Pekelis believes that long-context open models will make it easier for more companies and developers to build LLM-based applications.

“Right now, there is a bit of a distance in between individual uses and applications of AI and language models and enterprise applications, which are lagging behind a little bit,” Pekelis said. “Just allowing language models to do more and to be able to put more in the context windows, unlocks new applications.”

For example, with longer contexts, agentic systems, where one or more language models are put into multiple roles in a workflow, can do more with fewer calls because they can process much more information with each request. 

Long-context LLMs can also do things that would have otherwise required more complex data processing pipelines. One example is style transfer. Without long-context models, if you wanted a language model to mimic the writing style of a person, you would have to first gather data from different sources. Then you would have to preprocess and summarize the data and figure out a way to feed it into the model or possibly fine-tune the model.

“Here, what we found is that, for example, you can just take all of my past emails and give it to the language model, and it learns how to write like me,” Pekelis said.

LLMs with very long context windows could also reduce the need for retrieval-augmented generation (RAG), where for every prompt, the application must find relevant documents and insert them into the context.

An LLM with infinite context could, theoretically, enable you to insert all your documents into the prompt and let the model pick the most relevant parts for each query, though it would ultimately need to be re-queried with all that context included every time the user started a new chat session (similar to how RAG would need to call upon the database for each query or new chat session).

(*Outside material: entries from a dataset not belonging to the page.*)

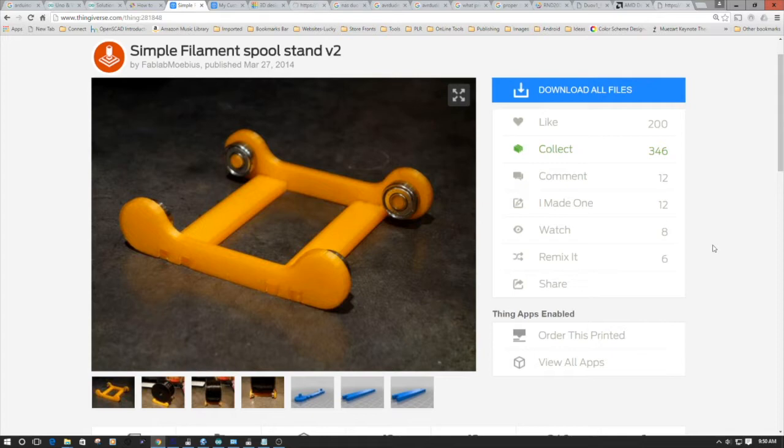Welcome to this edition of DIY3DTech.com. In this episode, we're going to take a look at printing this simple filament spool holder.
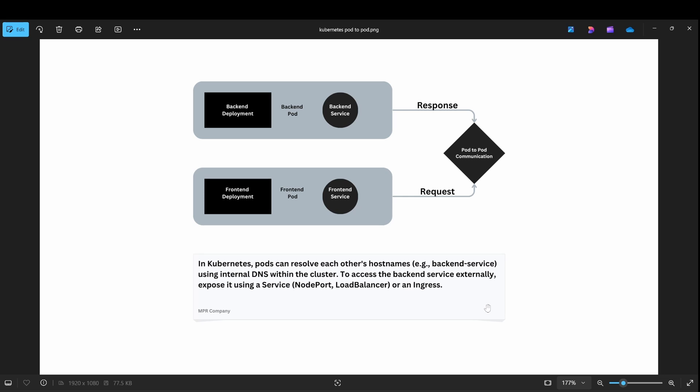Web access from an external source cannot access the cluster DNS. So that is the key takeaway. See you in the next video. Thank you guys.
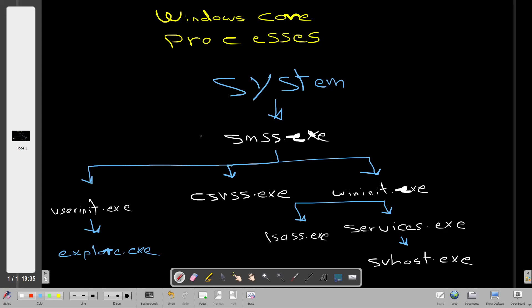Welcome back. Today we will be talking about Windows core processes. As an analyst, security analyst, forensic investigator, or incident responder, when you analyze a Windows workstation for malicious activity or indicators of compromise, or suppose that you suspect the machine is infected with malware, you want to understand the Windows core processes.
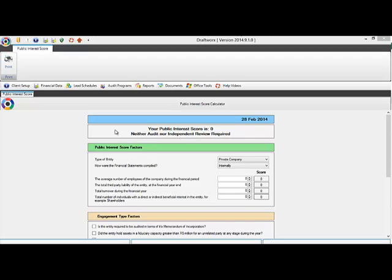Hi, in this DraftWorks tutorial I will be showing you how to roll forward your current file into a new year.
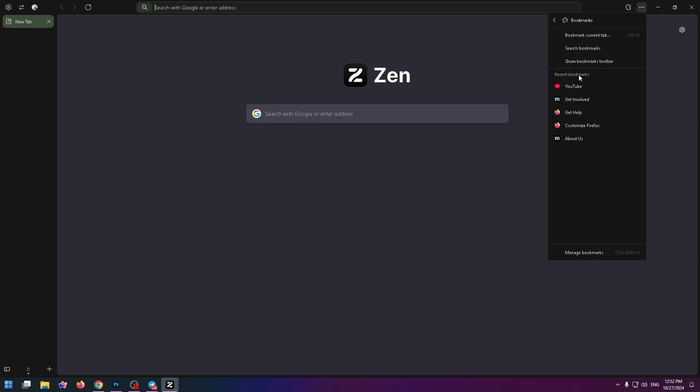So let's do it. Okay. And now there are three options: bookmark current tab, search bookmarks, and show bookmarks toolbar. And of course we need to click on this button.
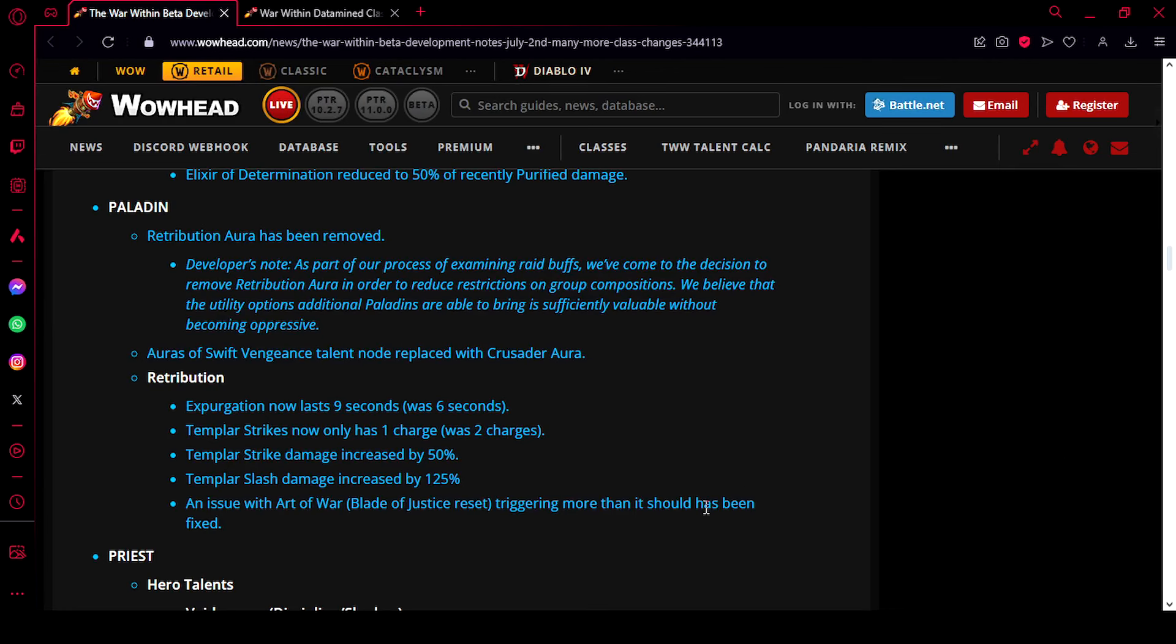Okay, up next we have some Retribution-specific changes. Expurgation has been buffed to now last 9 seconds instead of 6. This is just a nice quality of life, meaning that Expurgation will now have a really high uptime on any target. But Templar Strikes now only has 1 charge, down from 2 charges.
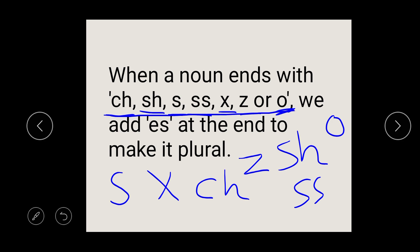If it ends with CH, SH, SS, S, Z, or letter O — and I said not zero, the letter O or the sound O — you have to add ES.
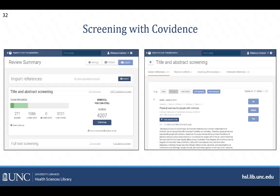The next stage of the process the workshop will look at is after you've completed your screening, what to do with the studies you've included, how to formulate the manuscript, and other details.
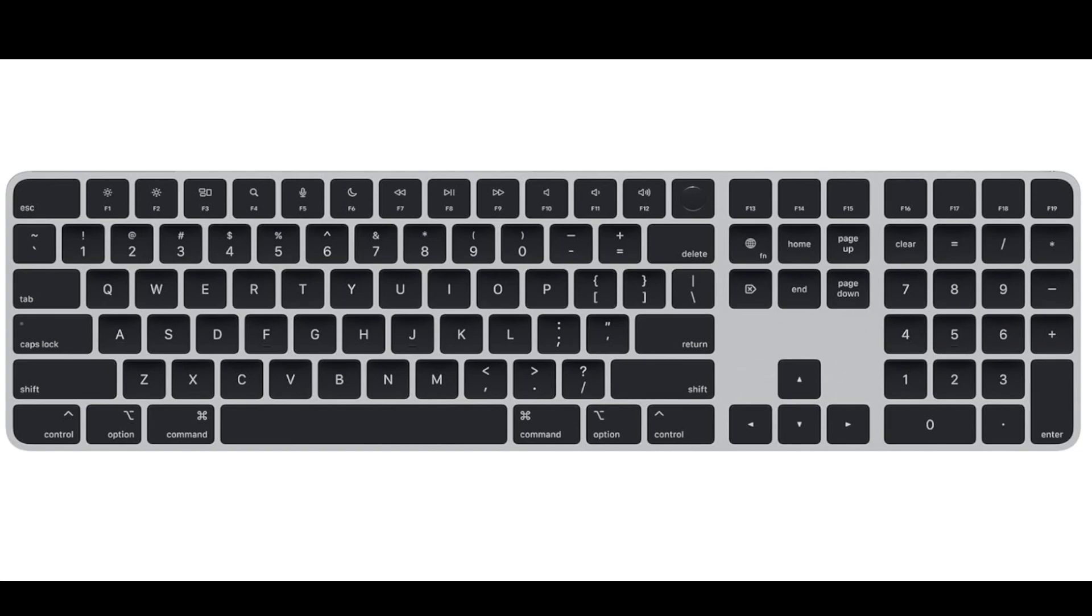The Apple Magic Keyboard with Touch ID and numeric keypad for Mac models with Apple Silicon featuring black keys and US English layout, model number MMMR3LL-A, is a specialized keyboard designed for use with Mac computers equipped with Apple's own Silicon chips M1 or later. Here are the key features of this specific magic keyboard.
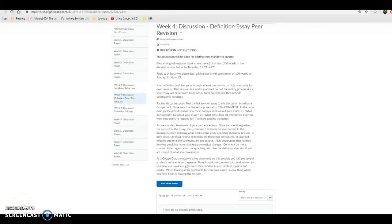Welcome to this presentation on how to use Google Docs for peer revision. What you see on screen right now is the discussion assignment titled Definition Essay Peer Revision. Reading through it will give you some directions. This presentation will show you how to do some of those things — how to get your essay into a Google Doc if it's not already there, how to get the correct settings, and as a reviser, some hints on what to do when revising.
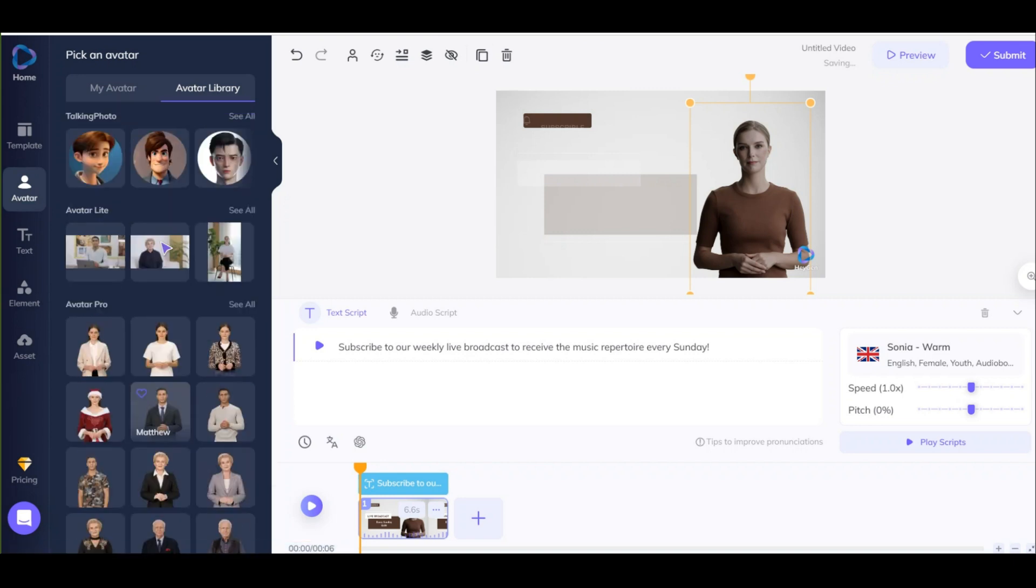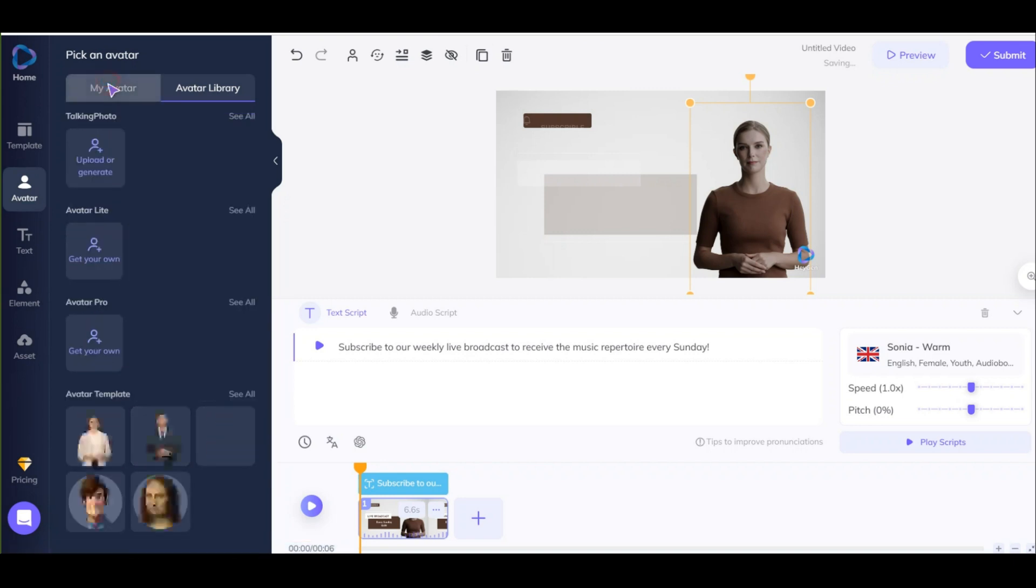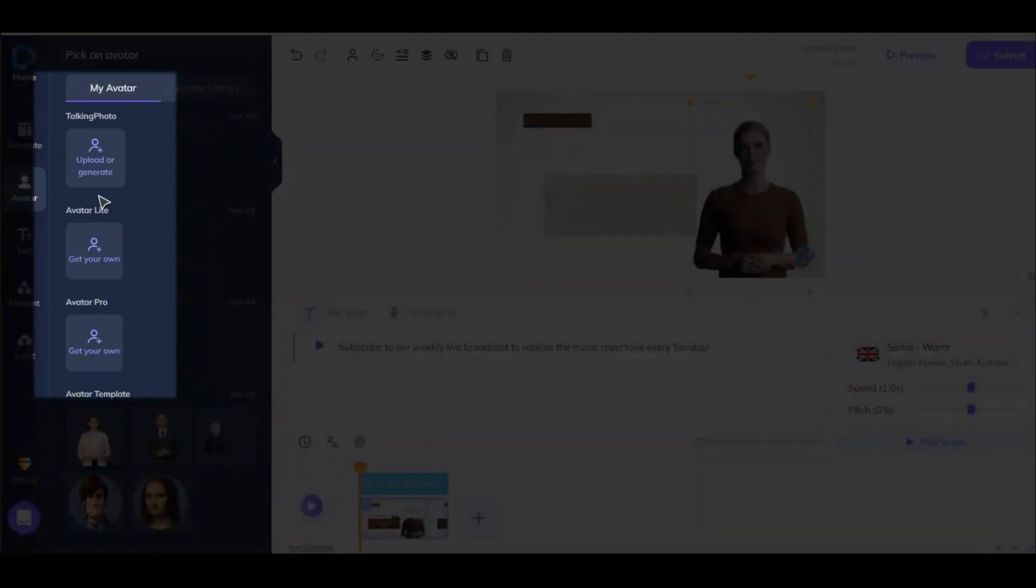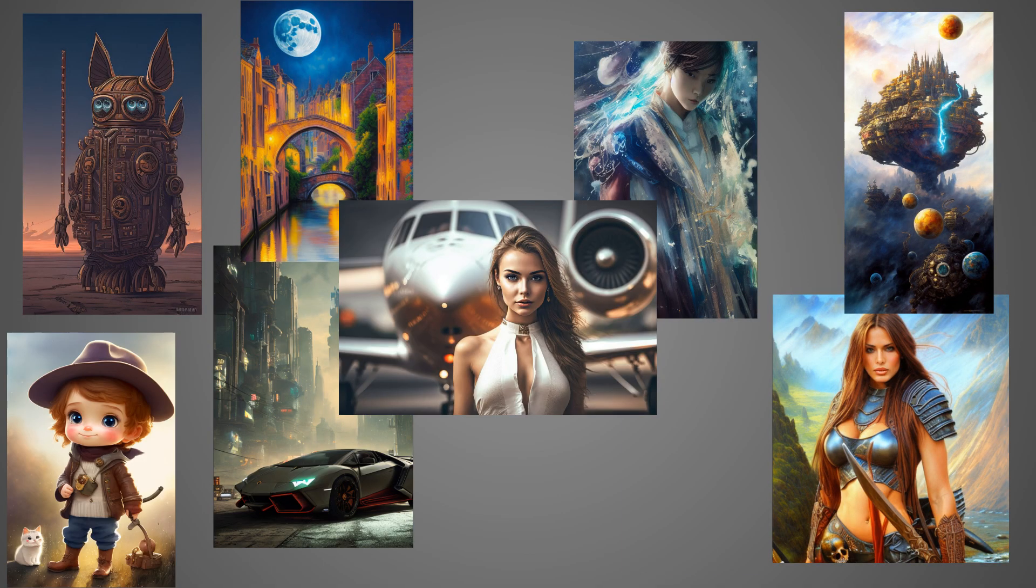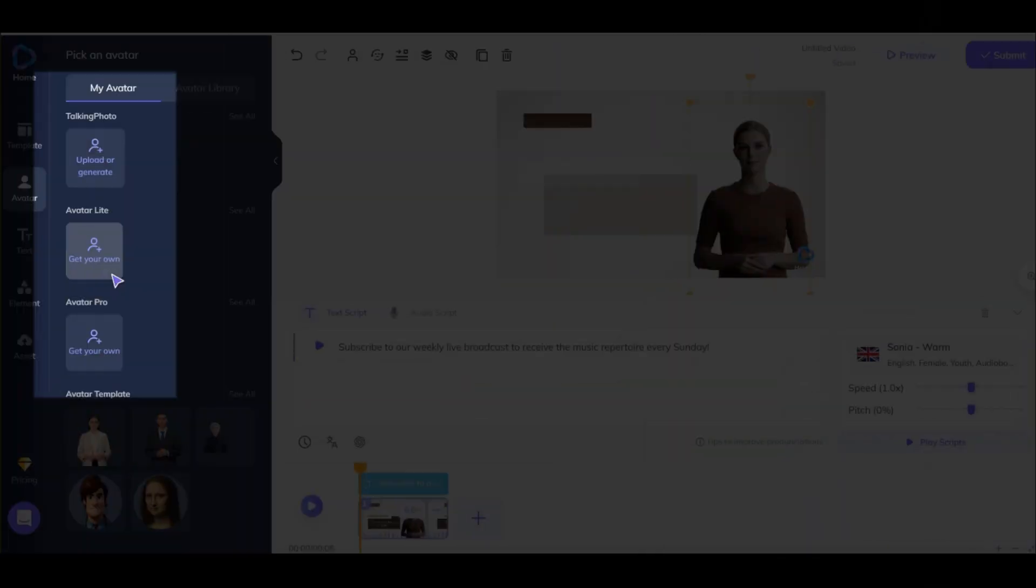You can upload a photo you already have. For example, if you generate a photo from AI, you can upload it here. If you need some good image generator, just tell me in the comment. Or you can even create your own avatar here.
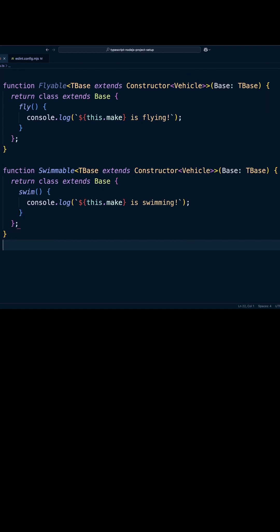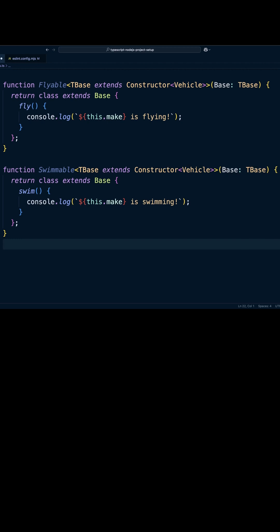Both functions take generic type TBase that extends a constructor accepting a vehicle. The classes they return inherit from TBase, allowing them to reuse the base class logic. This is a great example of how generics and inheritance work together in TypeScript to create flexible, reusable code.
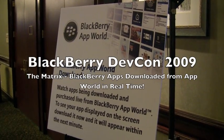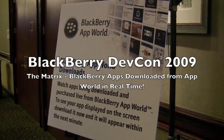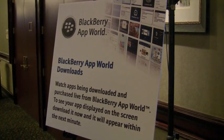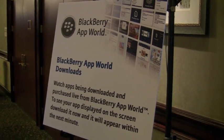Welcome to the BlackBerry Matrix. Apps downloaded from BlackBerry App World. It's pretty cool. It's delayed by about a minute.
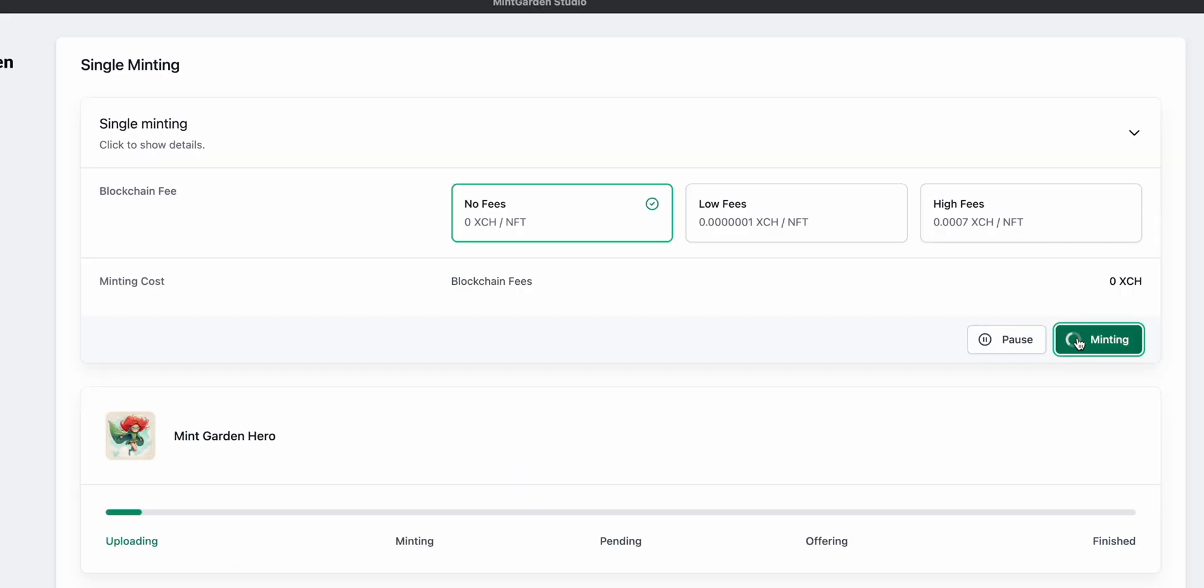You are now ready to mint it. Click start minting and go watch some cat videos. For this mint, you can use 0 XCH per NFT, but in the future, do supply some fees to speed up the minting process in times of a busy blockchain.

And of course, long-context windows reduce the barrier to creating prototypes or proofs of concept or even helping product teams understand what they can do with language models.

“A lot of times when we talk to customers, getting across what is possible is often a pretty big first step,” Pekelis said. “Having something that is able to get a prototype or first example up and running and showing the possibility of what it can do for an enterprise is really great.”